▶ [DATA EXTRACT]:

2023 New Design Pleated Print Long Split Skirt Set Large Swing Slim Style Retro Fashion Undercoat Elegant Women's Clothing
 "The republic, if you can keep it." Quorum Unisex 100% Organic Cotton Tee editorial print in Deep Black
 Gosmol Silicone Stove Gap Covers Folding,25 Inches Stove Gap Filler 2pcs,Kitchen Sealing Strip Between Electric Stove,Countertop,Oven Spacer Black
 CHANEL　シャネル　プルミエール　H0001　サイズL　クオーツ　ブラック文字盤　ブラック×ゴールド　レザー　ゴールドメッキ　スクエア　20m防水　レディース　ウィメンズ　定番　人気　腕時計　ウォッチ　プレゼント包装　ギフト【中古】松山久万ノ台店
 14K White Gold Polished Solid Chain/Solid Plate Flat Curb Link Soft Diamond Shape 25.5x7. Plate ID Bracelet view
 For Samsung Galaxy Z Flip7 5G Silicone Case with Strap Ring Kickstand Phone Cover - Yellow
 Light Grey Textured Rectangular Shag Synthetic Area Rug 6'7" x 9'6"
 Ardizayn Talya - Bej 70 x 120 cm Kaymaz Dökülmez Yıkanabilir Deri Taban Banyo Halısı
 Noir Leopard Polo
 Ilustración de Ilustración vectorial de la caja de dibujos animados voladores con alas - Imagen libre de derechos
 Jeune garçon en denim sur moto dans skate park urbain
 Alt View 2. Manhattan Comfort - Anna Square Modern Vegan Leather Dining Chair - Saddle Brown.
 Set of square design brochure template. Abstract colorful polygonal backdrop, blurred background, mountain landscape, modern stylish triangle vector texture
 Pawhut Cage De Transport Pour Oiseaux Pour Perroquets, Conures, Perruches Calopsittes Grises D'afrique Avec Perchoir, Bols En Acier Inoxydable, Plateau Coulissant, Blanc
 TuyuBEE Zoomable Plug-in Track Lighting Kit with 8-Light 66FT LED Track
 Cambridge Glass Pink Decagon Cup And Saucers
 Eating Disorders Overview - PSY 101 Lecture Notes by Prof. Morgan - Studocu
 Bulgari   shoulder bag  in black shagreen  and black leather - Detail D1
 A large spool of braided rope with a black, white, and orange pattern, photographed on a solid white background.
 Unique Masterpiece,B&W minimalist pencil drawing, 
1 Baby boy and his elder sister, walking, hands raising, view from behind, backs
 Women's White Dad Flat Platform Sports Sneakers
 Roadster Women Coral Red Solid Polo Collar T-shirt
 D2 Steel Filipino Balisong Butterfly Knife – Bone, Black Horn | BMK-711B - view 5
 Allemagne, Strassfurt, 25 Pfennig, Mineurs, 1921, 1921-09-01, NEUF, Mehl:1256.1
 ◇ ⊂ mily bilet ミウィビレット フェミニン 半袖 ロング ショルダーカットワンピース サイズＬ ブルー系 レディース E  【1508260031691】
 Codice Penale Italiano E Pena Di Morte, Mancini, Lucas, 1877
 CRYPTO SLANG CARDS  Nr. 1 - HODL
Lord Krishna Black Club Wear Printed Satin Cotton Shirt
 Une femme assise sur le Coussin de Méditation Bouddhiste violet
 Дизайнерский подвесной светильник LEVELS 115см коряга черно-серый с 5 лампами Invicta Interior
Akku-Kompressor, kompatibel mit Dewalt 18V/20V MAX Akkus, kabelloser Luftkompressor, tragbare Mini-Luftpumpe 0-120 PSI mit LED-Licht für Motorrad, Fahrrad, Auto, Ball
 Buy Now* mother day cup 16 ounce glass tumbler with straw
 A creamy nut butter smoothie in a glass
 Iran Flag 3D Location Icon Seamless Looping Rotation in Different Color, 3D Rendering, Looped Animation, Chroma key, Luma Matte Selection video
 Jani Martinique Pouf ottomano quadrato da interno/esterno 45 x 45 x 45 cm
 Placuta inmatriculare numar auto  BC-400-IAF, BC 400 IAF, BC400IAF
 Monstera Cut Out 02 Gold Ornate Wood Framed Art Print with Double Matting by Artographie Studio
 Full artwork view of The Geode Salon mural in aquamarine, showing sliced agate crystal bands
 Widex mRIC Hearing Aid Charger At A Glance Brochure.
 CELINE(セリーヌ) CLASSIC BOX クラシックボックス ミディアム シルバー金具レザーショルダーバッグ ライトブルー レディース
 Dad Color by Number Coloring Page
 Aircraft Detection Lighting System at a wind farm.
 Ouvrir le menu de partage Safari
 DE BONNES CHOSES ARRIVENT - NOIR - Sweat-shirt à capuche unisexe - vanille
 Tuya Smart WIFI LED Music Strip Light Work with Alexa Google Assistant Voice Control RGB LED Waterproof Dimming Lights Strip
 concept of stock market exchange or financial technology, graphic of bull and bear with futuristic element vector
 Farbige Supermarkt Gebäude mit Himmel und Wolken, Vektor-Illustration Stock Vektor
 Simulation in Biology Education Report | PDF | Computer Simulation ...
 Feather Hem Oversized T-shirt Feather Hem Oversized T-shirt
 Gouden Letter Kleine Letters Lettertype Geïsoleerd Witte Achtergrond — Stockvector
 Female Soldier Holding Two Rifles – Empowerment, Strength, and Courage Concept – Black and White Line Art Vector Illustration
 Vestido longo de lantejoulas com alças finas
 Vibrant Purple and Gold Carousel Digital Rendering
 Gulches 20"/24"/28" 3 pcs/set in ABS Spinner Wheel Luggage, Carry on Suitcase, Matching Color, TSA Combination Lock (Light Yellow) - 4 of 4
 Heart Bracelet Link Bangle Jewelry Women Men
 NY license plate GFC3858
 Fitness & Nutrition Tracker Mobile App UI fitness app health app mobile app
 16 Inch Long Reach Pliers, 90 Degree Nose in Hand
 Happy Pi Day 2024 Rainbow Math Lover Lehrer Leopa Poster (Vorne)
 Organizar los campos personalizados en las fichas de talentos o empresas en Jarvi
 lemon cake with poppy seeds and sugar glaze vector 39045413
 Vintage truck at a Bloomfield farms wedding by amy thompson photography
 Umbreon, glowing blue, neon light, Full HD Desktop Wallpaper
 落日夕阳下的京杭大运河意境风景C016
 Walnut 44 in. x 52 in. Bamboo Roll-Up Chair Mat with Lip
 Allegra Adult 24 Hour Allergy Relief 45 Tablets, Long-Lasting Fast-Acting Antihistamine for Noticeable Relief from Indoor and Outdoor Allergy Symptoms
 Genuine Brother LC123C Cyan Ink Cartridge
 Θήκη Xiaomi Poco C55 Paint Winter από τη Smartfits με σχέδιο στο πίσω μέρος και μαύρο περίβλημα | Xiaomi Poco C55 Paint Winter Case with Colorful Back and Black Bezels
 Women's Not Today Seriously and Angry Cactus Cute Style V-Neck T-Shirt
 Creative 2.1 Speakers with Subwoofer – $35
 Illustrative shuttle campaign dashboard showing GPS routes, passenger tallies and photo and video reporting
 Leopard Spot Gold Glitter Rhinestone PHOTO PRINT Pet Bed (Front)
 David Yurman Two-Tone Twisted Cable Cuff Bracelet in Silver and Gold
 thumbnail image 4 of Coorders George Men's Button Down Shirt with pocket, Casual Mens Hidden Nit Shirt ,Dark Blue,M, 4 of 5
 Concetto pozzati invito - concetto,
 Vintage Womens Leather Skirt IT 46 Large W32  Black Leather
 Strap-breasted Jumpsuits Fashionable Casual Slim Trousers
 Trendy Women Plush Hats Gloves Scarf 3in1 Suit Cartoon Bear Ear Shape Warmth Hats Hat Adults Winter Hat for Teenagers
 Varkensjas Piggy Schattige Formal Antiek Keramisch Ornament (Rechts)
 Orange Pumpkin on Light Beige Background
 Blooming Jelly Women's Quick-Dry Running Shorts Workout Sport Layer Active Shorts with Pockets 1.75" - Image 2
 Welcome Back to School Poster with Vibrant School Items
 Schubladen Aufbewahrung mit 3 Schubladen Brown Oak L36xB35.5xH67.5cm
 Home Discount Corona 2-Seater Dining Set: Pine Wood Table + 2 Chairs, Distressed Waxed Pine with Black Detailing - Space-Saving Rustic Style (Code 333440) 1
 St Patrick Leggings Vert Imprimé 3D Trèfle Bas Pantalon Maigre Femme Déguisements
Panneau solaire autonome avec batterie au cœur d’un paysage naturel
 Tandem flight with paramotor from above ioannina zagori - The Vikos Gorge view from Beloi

▶ [YOUR ASSIGNMENT]: Beginning at the line with "16 Inch Long" and stopping after the line with "落日夕阳下的京杭大运河意境风景C016", please write out every line of the data above exactly and nothing else.

▶ [ANSWER TO THIS PROBLEM]:
 16 Inch Long Reach Pliers, 90 Degree Nose in Hand
 Happy Pi Day 2024 Rainbow Math Lover Lehrer Leopa Poster (Vorne)
 Organizar los campos personalizados en las fichas de talentos o empresas en Jarvi
 lemon cake with poppy seeds and sugar glaze vector 39045413
 Vintage truck at a Bloomfield farms wedding by amy thompson photography
 Umbreon, glowing blue, neon light, Full HD Desktop Wallpaper
 落日夕阳下的京杭大运河意境风景C016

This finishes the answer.